Sadly, sitting in a landfill are many recyclables. Even if we tried to retrieve them, some 25% of all recyclables would be useless because they have been contaminated. The recycling system, while valuable, isn’t perfect. In addition to many recyclable products ending up in recycling bins, these recycling bins are also filled to the brim with dirty, soggy containers and boxes. It falls on us, the consumers to do our due diligence and ensure recyclables are properly cleaned and ready for the bin.
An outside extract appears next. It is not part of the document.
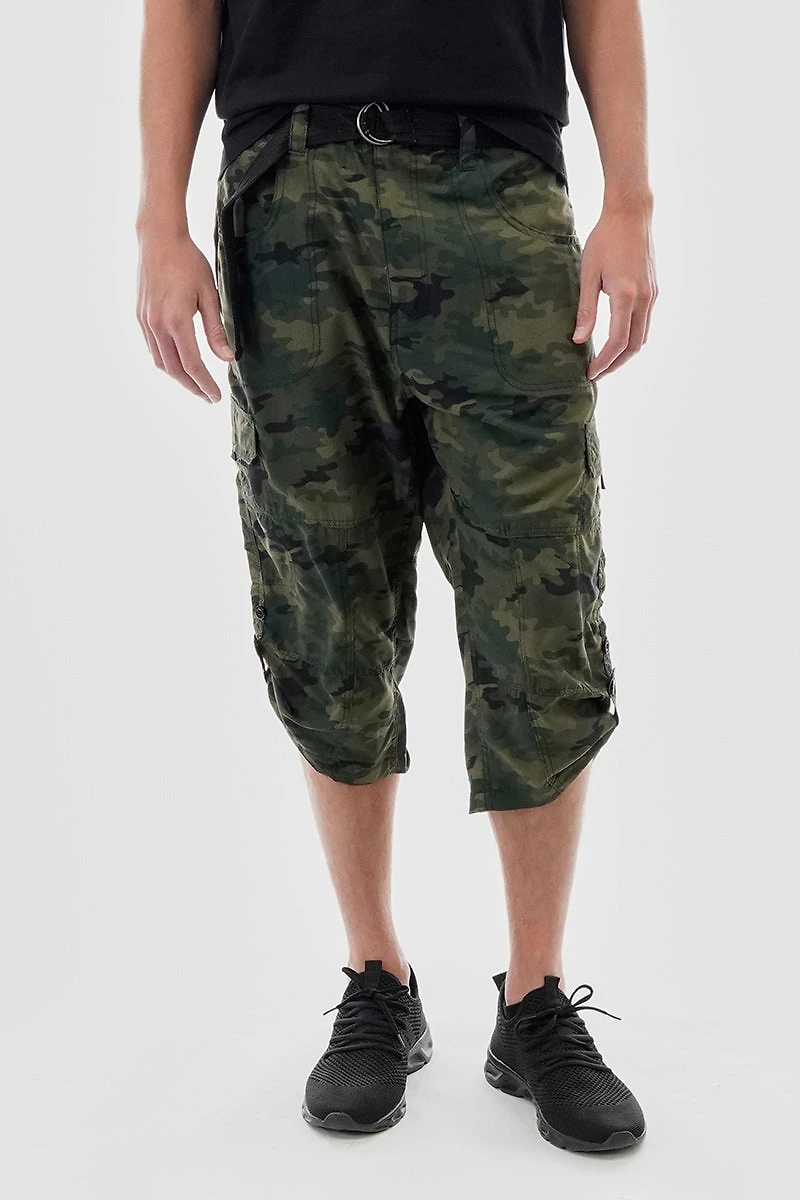 Canada Weather Gear Belted Camo Print Cargo Shorts - Olive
Why Should Recyclables Be Cleaned?
Contamination for recyclables is considered anything that reduces the value of the recyclable. When recycling companies that handle recycling must sort through and dispose of any recyclables that can’t be salvaged at their own expense, filling landfills with what could have been reused. Worse still, common practice among recycling companies is to transfer contamination fees to the office recycling program, essentially charging commercial businesses for the loss. One single jar of sauce can ruin a whole bin of recycling and ruin the integrity of the product. If kept clean and dry, one single sheet of paper can be reused 4 to 6 times. But when ruined, the fibers become brittle and begin to fall apart, resulting in an almost zero percent recyclability. As a common rule, cardboard should be crisp, not soggy, and plastic, while rinsed and cleaned at a recycling facility, should be fairly free from dirt and grime.
Four Steps to Prepping Recycling
- Empty the bottles, boxes, or containers of all food or liquid.
- Rinse the majority of the residue out that can stick to plastic or glass. Warm water helps remove excess residue.
- Swish around the water to loosen up debris. Skip this step for cardboard or paper products.
- Shake or dry the recyclables after a rinse so that water doesn’t get on the paper product. Close the lid to the recycling bin to prevent rain from ruining any recyclables.
- Scrape off any stubborn residue remaining with a spoon or sponge.